I was a weird, but lucky kid. I hated ketchup, mayonnaise, salad dressing and barbecue sauce so I ate many meals plain. I was a tomb boy and jumped off houses but have never broken a single bone (or had a sprain) I also ate tons of vegetables and fruits and did not really develop a taste for desserts until later in life. I still don't like mayonnaise much but I will eat it sometimes, and I still hate ketchup. I do like ranch dressing, though, but not many others. I get my taste from nuts and seeds in salads, and from cherry tomatoes.
I wonder if this has contributed to the fact I am not on any drugs and very rarely, if ever, get sick. You should try mashing avocado and lime juice with romaine lettuce, along with cherry tomatoes, yellow onions, mushrooms and sunflower nuts. I bet your kids would (grudgingly) like it!

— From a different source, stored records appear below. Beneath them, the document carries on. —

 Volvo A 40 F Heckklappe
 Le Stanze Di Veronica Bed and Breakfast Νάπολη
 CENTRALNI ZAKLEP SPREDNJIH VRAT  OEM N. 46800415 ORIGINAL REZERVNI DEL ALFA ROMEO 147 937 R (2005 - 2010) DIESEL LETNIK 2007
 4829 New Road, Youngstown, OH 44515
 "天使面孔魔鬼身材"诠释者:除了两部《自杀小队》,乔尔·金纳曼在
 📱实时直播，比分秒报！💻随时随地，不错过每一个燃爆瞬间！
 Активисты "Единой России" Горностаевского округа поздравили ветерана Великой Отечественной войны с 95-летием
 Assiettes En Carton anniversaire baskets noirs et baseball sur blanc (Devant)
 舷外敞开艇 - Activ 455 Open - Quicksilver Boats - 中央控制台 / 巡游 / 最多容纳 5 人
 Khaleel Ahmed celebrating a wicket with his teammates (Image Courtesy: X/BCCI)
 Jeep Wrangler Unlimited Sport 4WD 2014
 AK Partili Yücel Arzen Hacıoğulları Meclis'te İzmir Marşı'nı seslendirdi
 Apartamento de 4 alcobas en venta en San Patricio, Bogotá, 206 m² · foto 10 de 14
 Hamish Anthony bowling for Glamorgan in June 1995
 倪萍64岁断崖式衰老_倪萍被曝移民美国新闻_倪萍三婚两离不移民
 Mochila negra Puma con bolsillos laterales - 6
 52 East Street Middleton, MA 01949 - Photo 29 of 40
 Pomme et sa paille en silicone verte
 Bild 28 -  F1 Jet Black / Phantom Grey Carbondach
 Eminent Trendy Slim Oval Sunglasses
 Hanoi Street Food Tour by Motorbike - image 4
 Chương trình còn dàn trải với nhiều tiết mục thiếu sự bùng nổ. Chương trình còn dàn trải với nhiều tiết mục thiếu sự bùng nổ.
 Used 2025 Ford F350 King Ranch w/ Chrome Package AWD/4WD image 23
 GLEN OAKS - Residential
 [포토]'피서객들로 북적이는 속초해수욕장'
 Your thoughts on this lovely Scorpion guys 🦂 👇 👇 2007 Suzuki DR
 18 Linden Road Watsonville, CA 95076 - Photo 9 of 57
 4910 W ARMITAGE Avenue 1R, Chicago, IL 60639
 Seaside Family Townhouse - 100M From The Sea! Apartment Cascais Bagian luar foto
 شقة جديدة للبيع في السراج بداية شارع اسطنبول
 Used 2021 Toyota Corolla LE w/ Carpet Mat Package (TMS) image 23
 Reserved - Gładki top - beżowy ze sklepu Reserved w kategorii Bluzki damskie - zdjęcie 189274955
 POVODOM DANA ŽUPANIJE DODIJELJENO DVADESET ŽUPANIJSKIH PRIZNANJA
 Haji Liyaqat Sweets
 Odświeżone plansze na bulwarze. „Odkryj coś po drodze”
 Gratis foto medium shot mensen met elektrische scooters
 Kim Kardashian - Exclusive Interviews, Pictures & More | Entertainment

Originally posted by rickymouse
Many of the things that people have been led to believe are bad here in America are actually necessary for proper mind function. If you do not consume them than you may need antidepressant or other medicines to make up for the deficiency. I do not know how these rumors got started in the past, probably by someone who profited by their spreading. Many chemicals that are added to foods, and the foods that they are pushing as good are not good for us if overconsumed. Proper preparation of these foods is necessary, people are doing this wrong...They then need medicines to fix the metabolic problems.
Aspartame is not good for us on a regular basis, a little occasionally won't bother us that much. Free glutamates to excess are not good for us but bound glutamates are necessary in the right moderations to keep us from getting depressed and to help us form long term memories. Adding free glutamates to foods as an attractant or using food chemistry that boosts free glutamates is not good. It creates highs and lows and moody people. Carrageenan is a bad additive, I haven't been able to find any good about it like other things that are said to be bad. I think that it is better to use agar myself. I could go on and on with hundreds of different combinations that could have problems. I personally think that the FDA is corrupt for allowing all these attractants to be added to foods and for allowing unproven chemistry to be introduced into the food supply. Let the buyer beware is the main principal of this society. I believe that most people would not believe what I know, but I have examined a lot of research and many interpretations of the research. Sometimes I wonder how the writer of an article can conclude from their research what they are concluding. Sometimes I find other evidence that substantuates their claims in other research that they do not attach, that makes their conclusions a little better but often the negative effects outweigh the positive effects ten fold.
Oh well, sorry for boring you guys with my dribble.